How much have you got to spend?

Kids cost more for parents who have more.

The U.S. Department of Agriculture has released its annual report on the cost of raising children. Using data from the Consumer Expenditure Survey, they estimate the costs for one year, then extrapolate out to 17 years with inflation (thus not including college and beyond). The methods are complicated, involving the costs of an extra room, economies of scale, food needs, and so on. It’s not just an exercise — the numbers are meant to be used as a guide for child support, foster care and education program budgets.

But the costs depend on how much money the parents have. That’s natural in a descriptive sense, but should it also apply prescriptively? In other words, are the needs of children really determined by the wealth of the adults who care for them, so their wellbeing is relative? In further words, who is children’s wellbeing for?

The report breaks families into married versus single, and then breaks the married-couple families into three pre-tax income groups. Here’s how the 17-year projections cost out.

I sorted the categories by something like their elasticity, that is, the ratio of rich-parent to poor-parent spending. So, food spending varies the least, so I put it on the bottom. Childcare/education spending varies the most — which is mostly because higher-income families have wives who work and earn more, and they spend more on childcare — so I put it on the top. Miscellaneous includes your video games, entertainment and so on.

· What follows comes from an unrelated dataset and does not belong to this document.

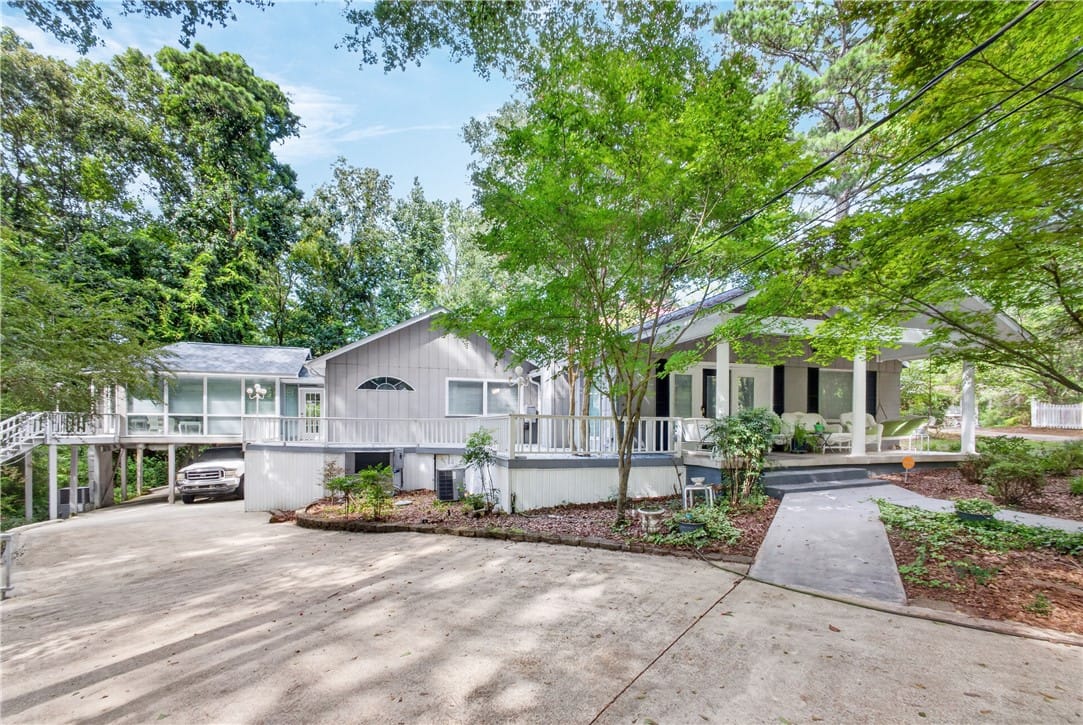 125 ANDREWS MILL, Tallassee, AL, 36078, A spacious elevated residence with expansive decki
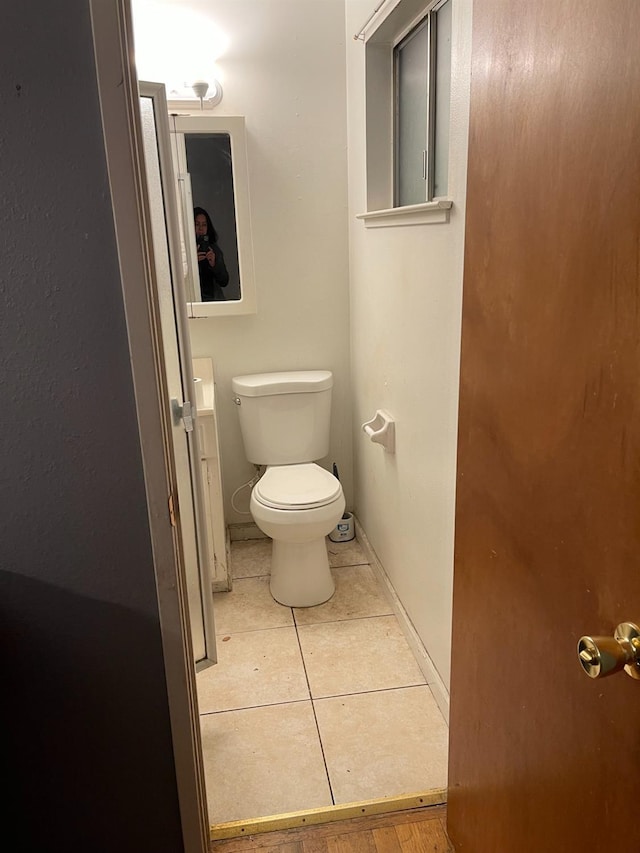 bathroom with tile patterned flooring and toilet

Consider housing: rich parents spend more than twice what poor parents spend to add a room per kid (and in the model kids all get their own room). This is morally OK in a world where parents have a right to produce children of their own social status. But where does that leave the rights of children?

5 Comments

Filed under In the news, Research reports

5 responses to “How much have you got to spend?

  1. Mr. Divine

    I can’t understand why housing is a cost. I’ve got four kids and a really big house (6 bedrooms, 4 bathrooms etc ). But the house is an investment as well and so the value of the house goes up more than if I had a small house. When the kids leave and we downsize we get a nice big lump sum.

    Like

  2. Good point. But they still treat the annual spending on the house as an expense. You could think of education the same way, or sports camp if your kid became a star soccer player. These things are hard to cost out for a population, but they could have all kinds of effects on your decision-making, state of mind, cultural attitudes, etc. (Though from the point of view of the analysis, if you sell that house after they are 17, it doesn’t count anyway.)

    Like

  3. dcardona

    To me the variance in cost makes sense, even if it is ultimately “unfair” to the children born into poorer families. Stick with me for three examples and Ill answer the question about the rights of children at the end.

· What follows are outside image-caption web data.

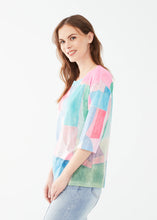 Load image into Gallery viewer, Embrace effortless style with FDJ French Dressing’s drop shoulder jersey top. Featuring a chic boat neckline, 3/4 sleeves, and a modern geo print in beautiful pastel colors, this lightweight, relaxed-fit piece adds a touch of elegance to any wardrobe. Perfect for casual outings or layering up in style!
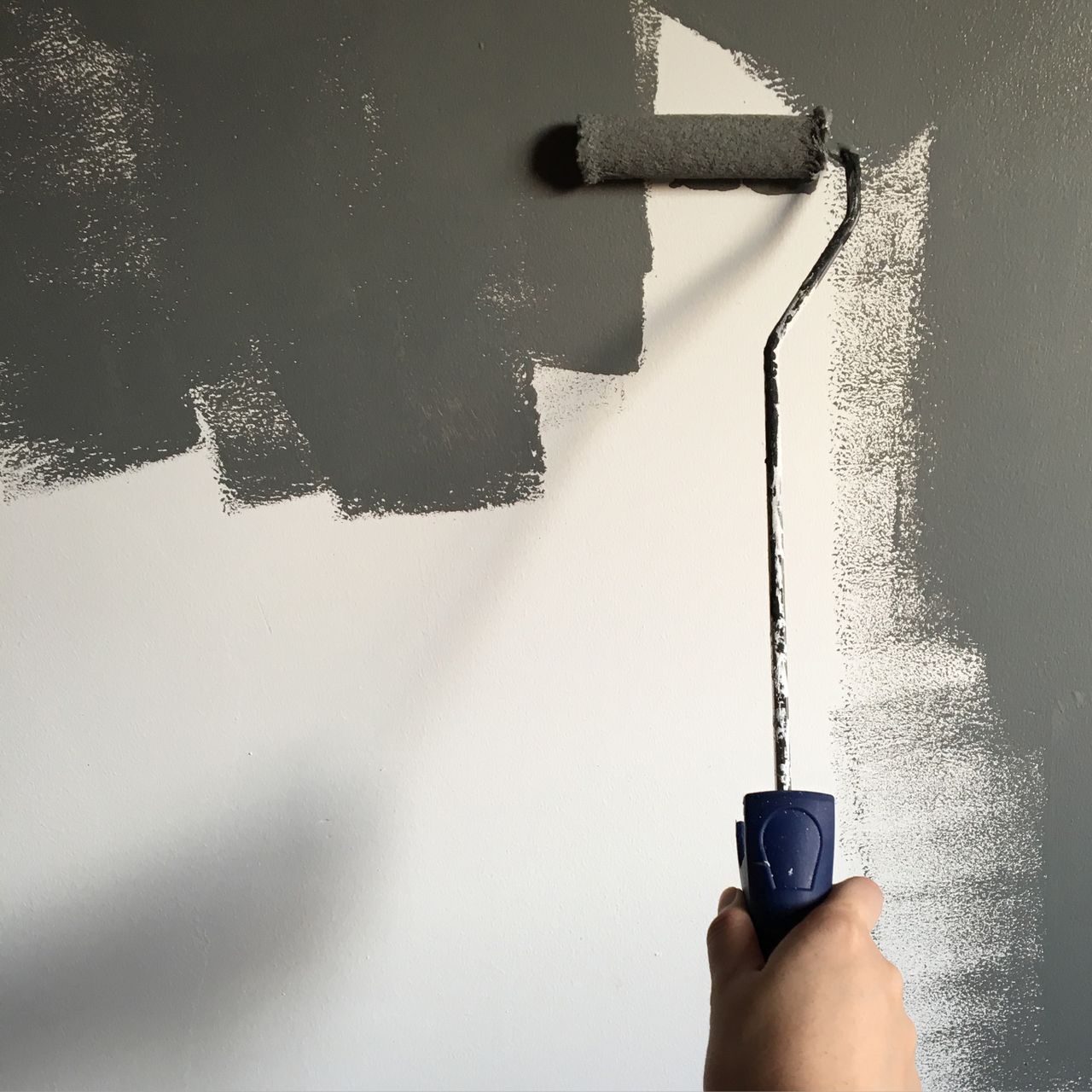 Een hand brengt verf aan met een roller op een muur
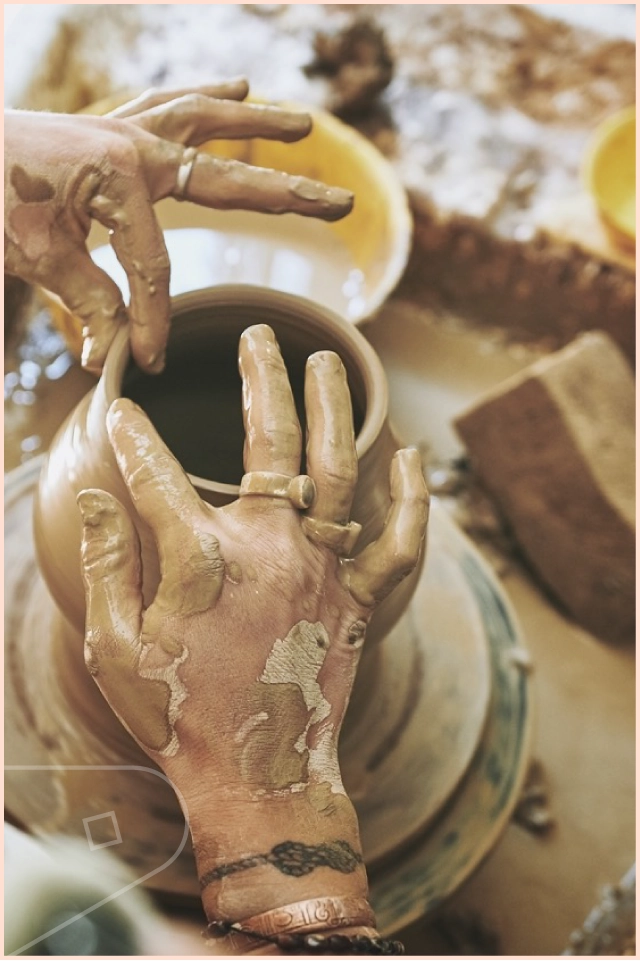 Messy potters hands making a vase in their pottery studio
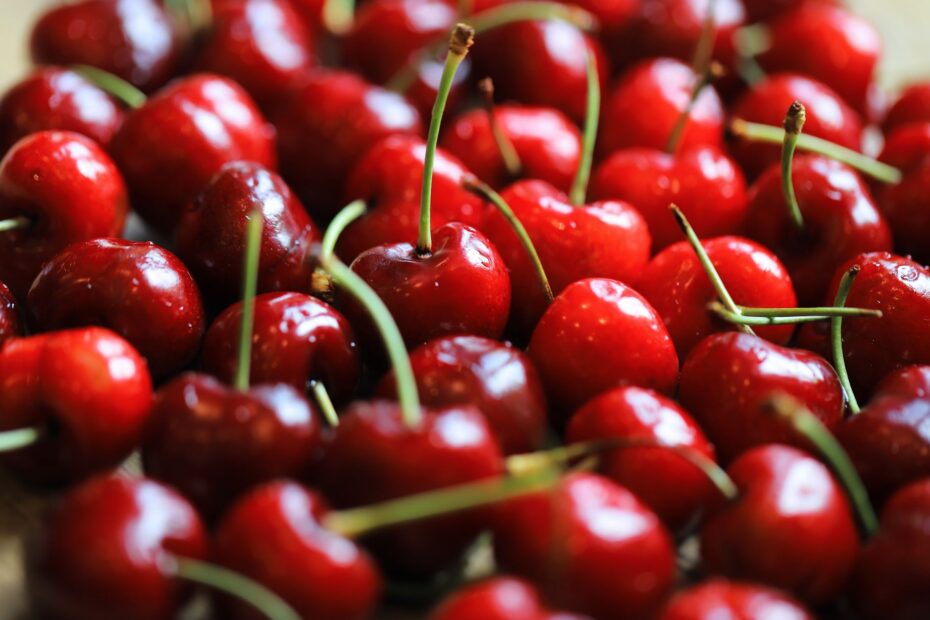A vibrant close-up of fresh red cherries with stems, showcasing their glossy texture and rich color. (Photo by Christina & Peter on Pexels)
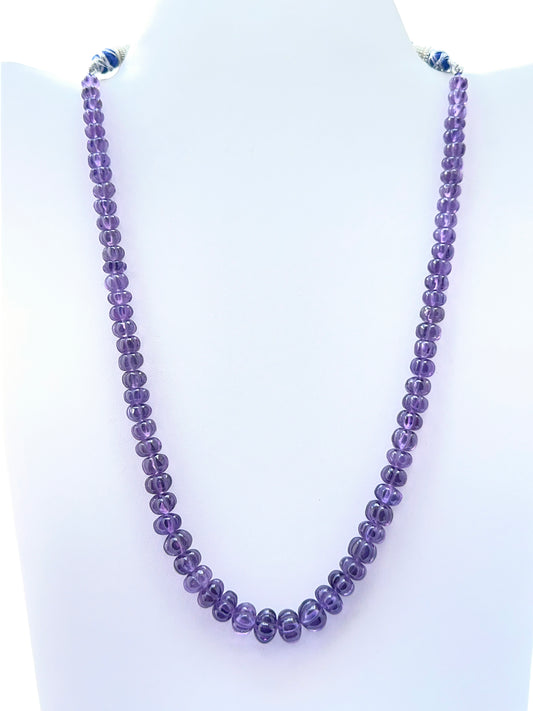 Close‑up of carved amethyst pumpkin beads arranged on a finished necklace.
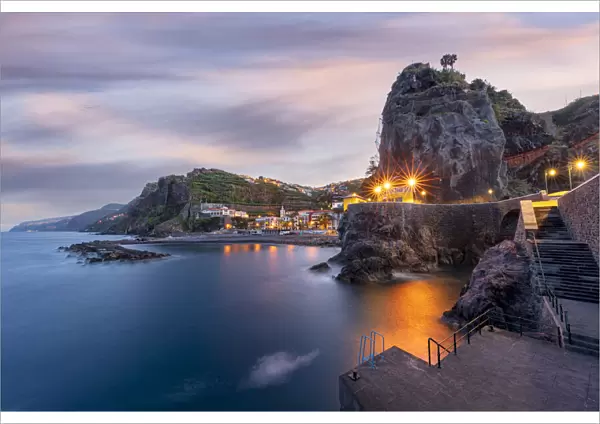 Dusk lights over the seaside town resort of Ponta do Sol washed by the ocean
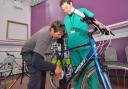 A doctor getting his bike checked. Picture: J Bewley/Sustrans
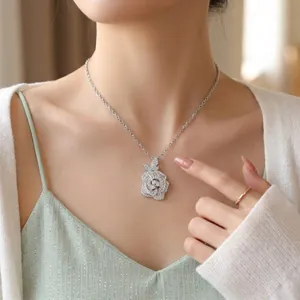 Detailed view of an elegant rose flower pendant necklace encrusted with zircons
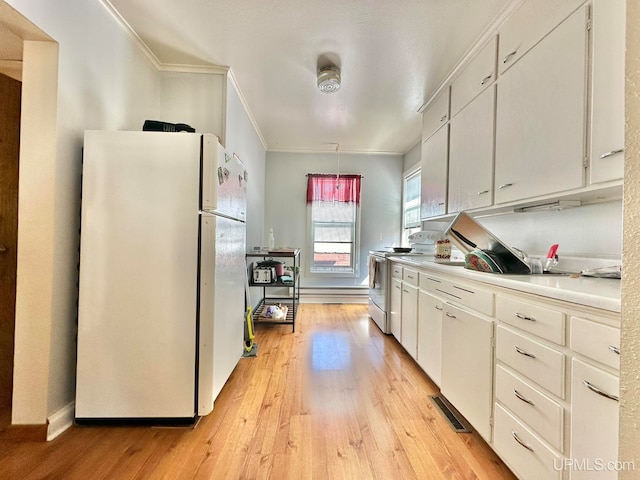 kitchen featuring light wood-type flooring, white cabinetry, and white appliances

    For housing, the richer live in larger, nicer houses in areas with better home values. The poorer may often be in apartments or find other arrangements more suited to their income like home sharing. Though to be truthful, I find it hard to believe that all kids get their own rooms. Seriously? My kids have to share. I’m in the poorest group, by the way, below the halfway mark. I live in a manufactured home and count myself lucky.

    As for food, I shop at Wal-Mart, Food 4 Less and off-brand discount stores. My cousin’s family (in the richest group) shops at Whole Foods, etc. and can afford organic and other more costly meats and produce in addition to fancier meals and eating out. One interesting thing to note is that often poorer families are trapped paying more for lower-quality foods, especially if they must shop at corner markets due to lack of transportation to and from a chain grocery mart.

    As for miscellaneous, which for the top bracket is more than my family income for one year, I can also see the difference. Another commenter mentioned sports camp. That would be awesome, but in my case, the kid gets a soccer ball and finds friends at the park. I’d love to sign her up for a class, but its just not possible. The internet is our biggest entertainment expense and is allowed because it can serve many purposes: education, games, movies, news, communication with others, work, etc. We’ll get an xbox when my cousins kids get the latest and greatest.

    So what are the rights of children and how do variances such as these affect them? I believe they have the right to shelter, food, education and love. We as a society should intervene when children from any economic background are denied one or more. But who’s to say sharing a room is detrimental vs. having a room of one’s own as a child? Or vice versa? If a child has access to basic nutritional food and healthcare, their natural rights are upheld, though maybe the details differ between economic classes.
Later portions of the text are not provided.